Thanks Bill! Your project is as always an inspiration! I have a small set of changes I could make that I think would get me about 50% faster but one of the changes would add an extra cycle of latency to my conditional jumps. I'm satisfying myself by adding all my ideas to a future project plan so I can focus on getting this machine finished.
It’s took over two weeks on and off but I’ve made it through all the CPU build videos, sound and VGA’s, I hate to think how many hours that must be but I’ve enjoyed every minuet, now to go back to the first one and start again as I’ve realised I haven’t been giving the early ones a 👍🏻 Thank you James, fantastic content, I’m now tempted to break my fear and start using SMD components as well.
That’s quite alright James we all have work lives as well, I’ve never been one of them ones that moans at people about getting videos out as you just end up watching videos done for the sake of it (fillers) and would rather wait for the hood content to drop.
Over and abpve the tracing of the timing of the critical path, it was a great reminder of how all the various components of the cpu link together. Very interesting..
That's really interesting. Unfortunately the purple line was nearly impossible to see some of the time, I think it could have done with being logarithmically boosted in brightness (so the dim bits are increased a lot while the bright bits are increased only a little) It was also interesting to see the address lines going up and down on the same spot, something you normally only see in those really confusing timing diagrams.
Yeah I appreciate that wasn't always clear. I did what I could when editing but there was only so much. I wish I had thought to swap the yellow / purple traces around as the yellow was far more visible.
I'm actually having trouble seeing the red lines, the purple ones are quite visible for me. Depending on the video, I just boost the brightness and they are easier to see.
Long-time lurker here. Just came in to say thanks for this interesting series, and kudos on being potentially the only RU-vidr with Penrose's Road to Reality in almost every video 🤣
Really interesting, James.
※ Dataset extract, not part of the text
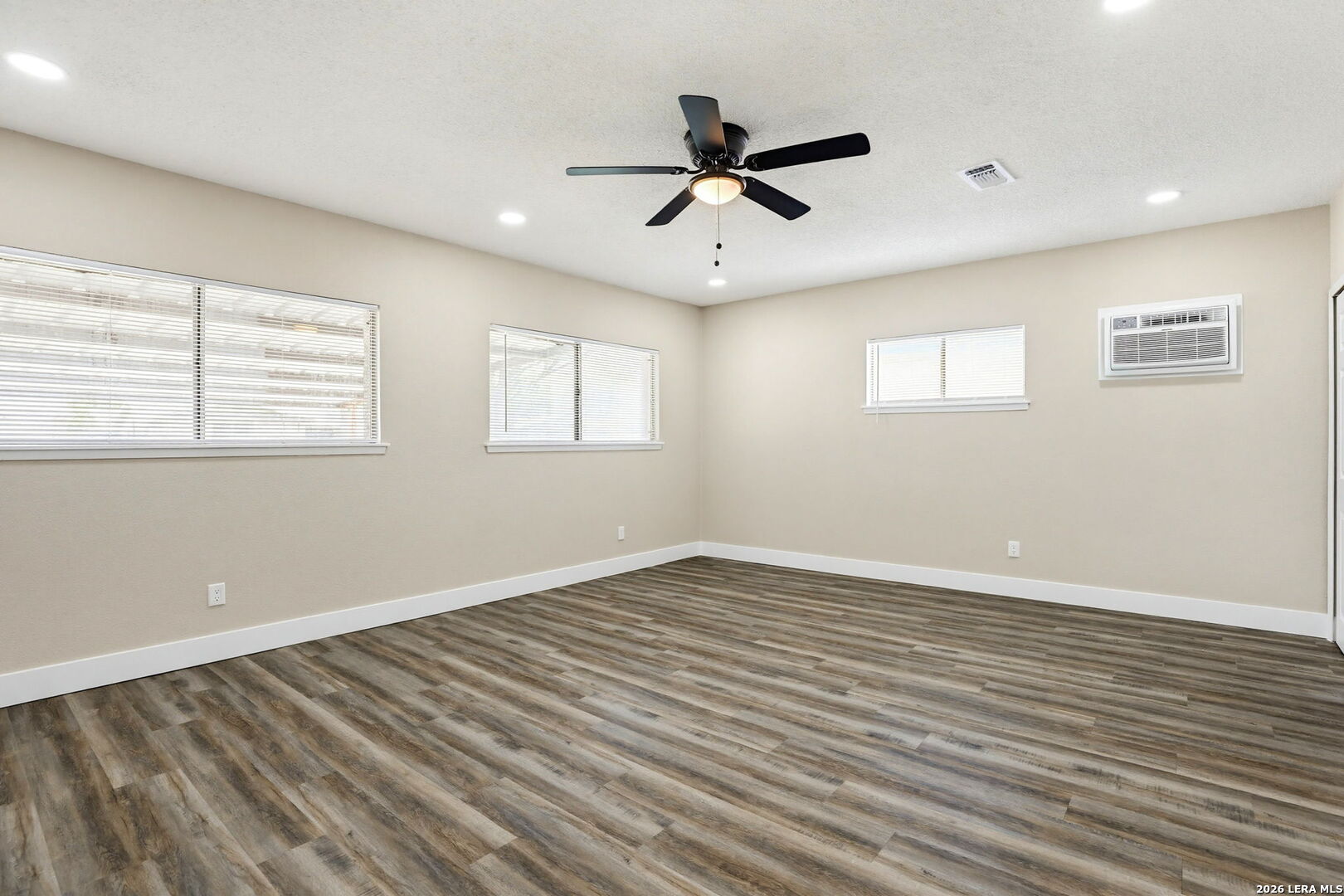 7907 Stagecoach Lane San Antonio TX 78227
Nice to be back on the CPU for a bit :) You'll be at 4 GHz in notime! :) On my FPGA implementation, the ROM are the issue on that, too. There are several circumstances of race conditions where a ROM output feeds a ROM input through some logic, which takes time to settle. That causes some issues. I ended up having to use a faster clock and register the ROM outputs with the fast clock to remove the metastability caused by the feedback.
Thanks George, glad you are still enjoying it! Not sure about your FPGA issue, there are no places in my build where a ROM data output directly feeds a ROM address input. It's always got a 574 d-type in the way.
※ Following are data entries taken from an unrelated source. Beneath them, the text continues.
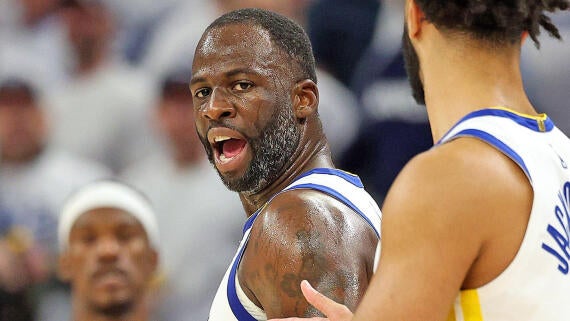 getty-draymond-green-warriors.jpg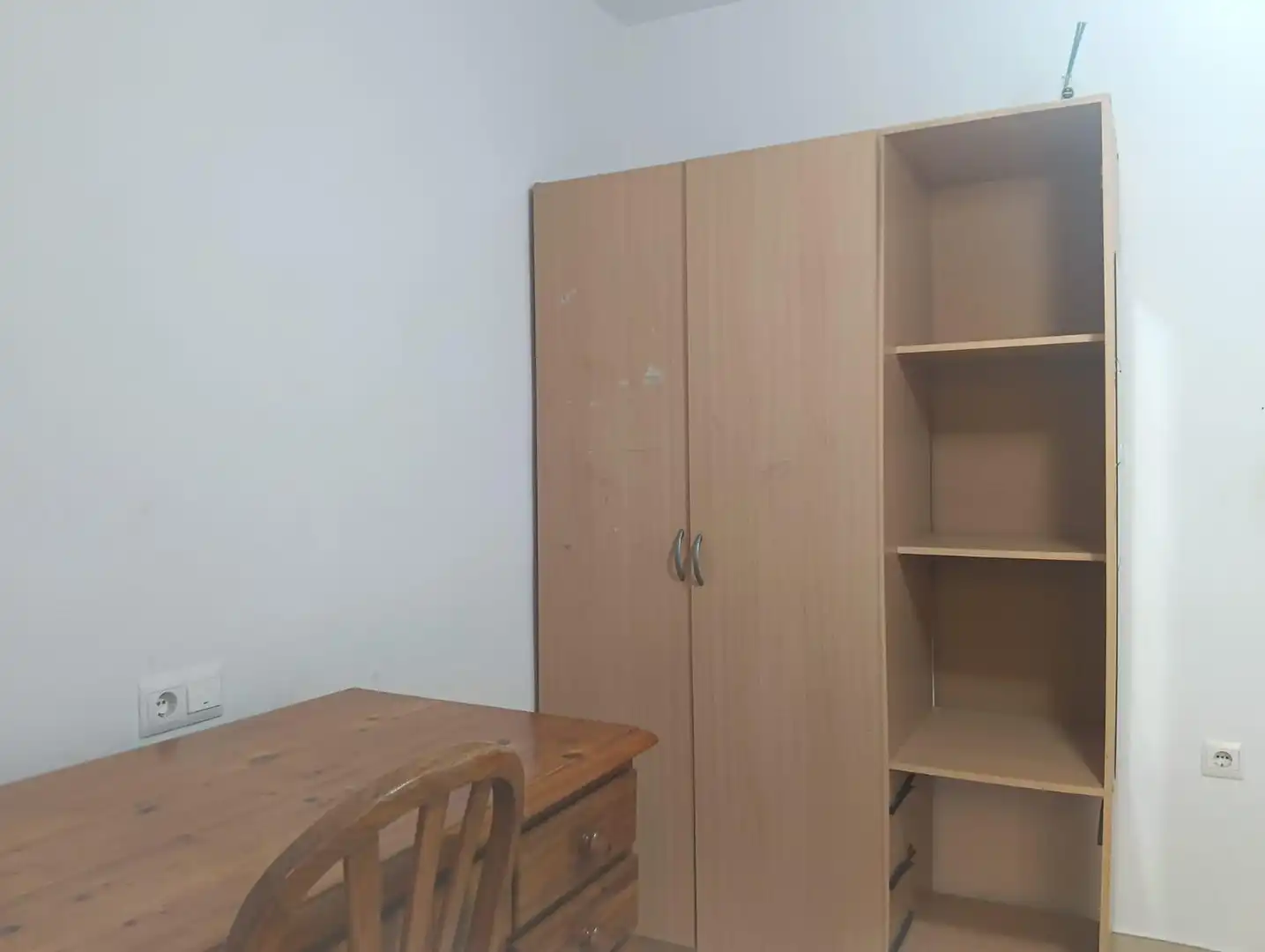 Piso de 125 m² en Granada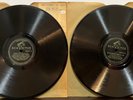 BENNY GOODMAN - Bugle Call Rag / Melancholy Baby - 10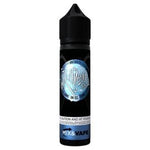 Ruthless 50ml Shortfill Antidote On Ice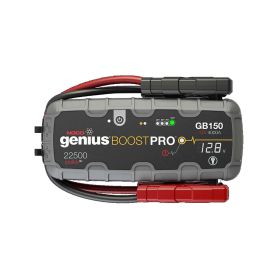 DéMARREUR D'URGENCE NOCO GENIUS GB150
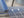 Breeze Polycarbonate Greenhouse – Three sizes available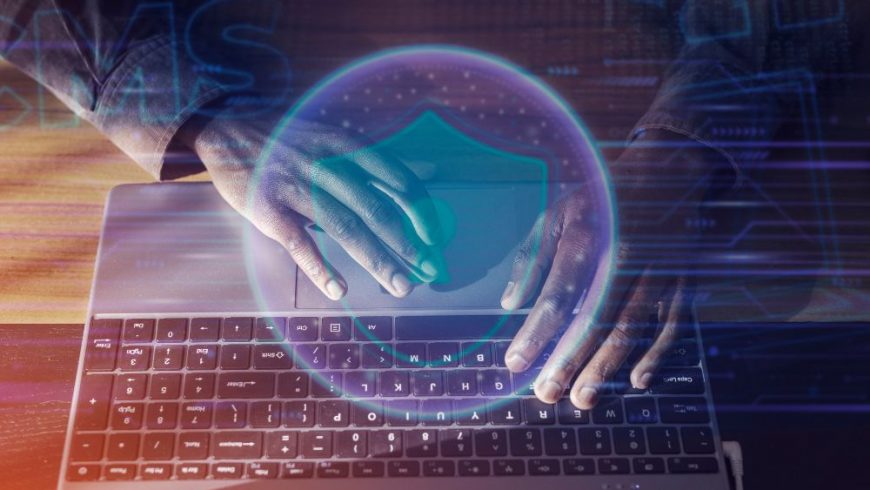 El día de la internet segura: Una llamada a la acción en ciberseguridad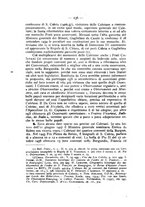 giornale/RAV0143124/1945/unico/00000146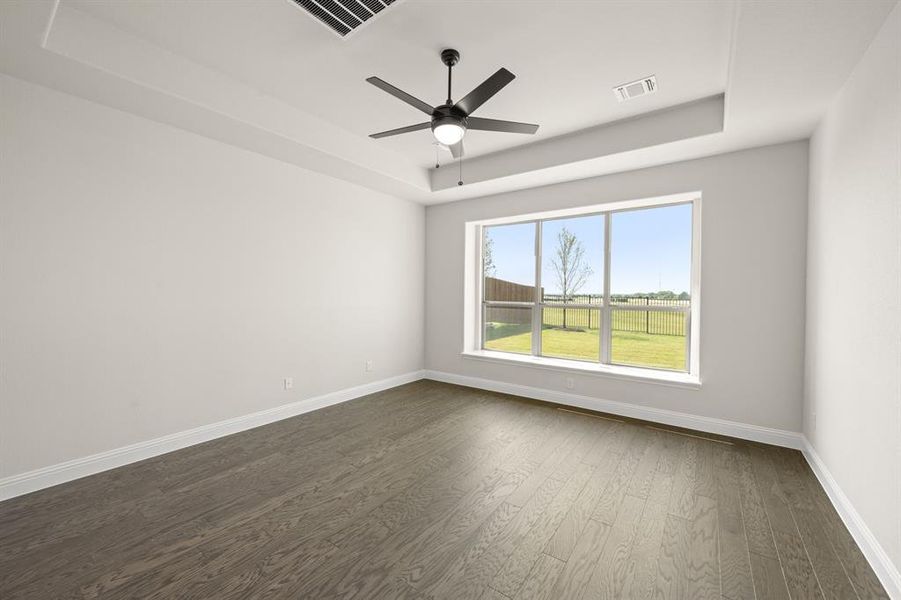 3438 Arbor Grove- Primary Suite-1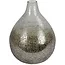 Countryfield Fles Pimpeline goud wit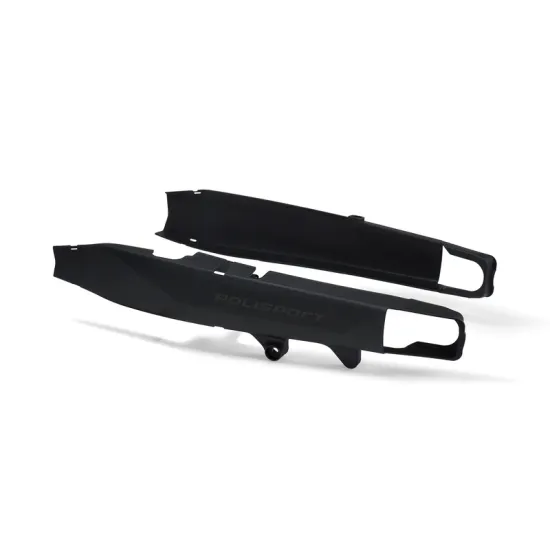 POLISPORT Swingarm Protector EVO for SHERCO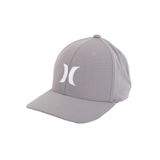 Hurley Casquette Hommes - H2o Dri Tideline Şapka Erkekler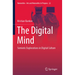 The Digital Mind: Semiotic Explorations in Digital Culture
@@weirdboyjim Sorry, yes, I have the same now! I had a bug in an early design that didn't have the latches quite right. It was a task to port the design to Verilog! Working on a V2 now.
@@m1geo Any updates? I'm curious, if you got your hands on the mandelbrot program weirdboyjim wrote to benchmark his system, exactly how much faster is the FPGA version? Also, what clock speeds can you get it to?
Yeah, most of my projects that used glue logic have been simple and didn't required a fast clock. So, this is great to see what the effects of propagation delay and how you evaluated them. Seriously, thanks for this.
You're very welcome! It's great to have got the clock rate as fast as this. The vga circuit actually goes faster but that has the advantage that errors are visual artifacts rather than crashes.
Very interesting. Another side to CPU and related circuitry I have never thought about. I have seen some 8 bit systems clocked at 3.7 MHz and wondered why. This may be part of that reason.
Yeah lots of the 8-bit systems fell into that general clock rate range and part of that was the general speed of the logic parts available at the time!
Hmm, super cool! I can think of a couple of paths I might go down we’re I in your shoes. 1) elimination of the zero flag completely, not the best option as you lose the jump if equal instruction, but certainly possible. 2) decoupling the program counter assertion from the fetch, either by having it pre saturate the address bus at the tail end of the previous instruction or by splitting it into two clock cycles. 3) adding a pre fetch stage to the pipeline that uses a hole in the previous instruction to preemptively fetch the next instruction and hold it in a register, only re-fetching it in the event of a jump It seems like deliberately delaying the bus control to account for timings is going to be a trip-up at higher speeds… I’d have to give it a lot more thought, but my instincts tell me that giving more cycles to some operations might bear fruit… instructions per cycle might not be the best thing to optimize? I’m not sure. Regardless, I love this thing and I only wish I had the time/resources/creativity to do similar projects. Awesome stuff
You are thinking about the right kind of stuff. I'd latch the flags at the end of the cycle so the decode sees them a cycle behind (but they get eliminated from the critical path).
I'm not saying I haven't learned anything from this channel but most things you've talked about and done, I've at least had an idea beforehand... but I've never even considered what the phrase "critical path analysis" might mean before watching this (something "real" EEs do, that I don't need to bother my pretty little head with?)... thanks for a superb introduction.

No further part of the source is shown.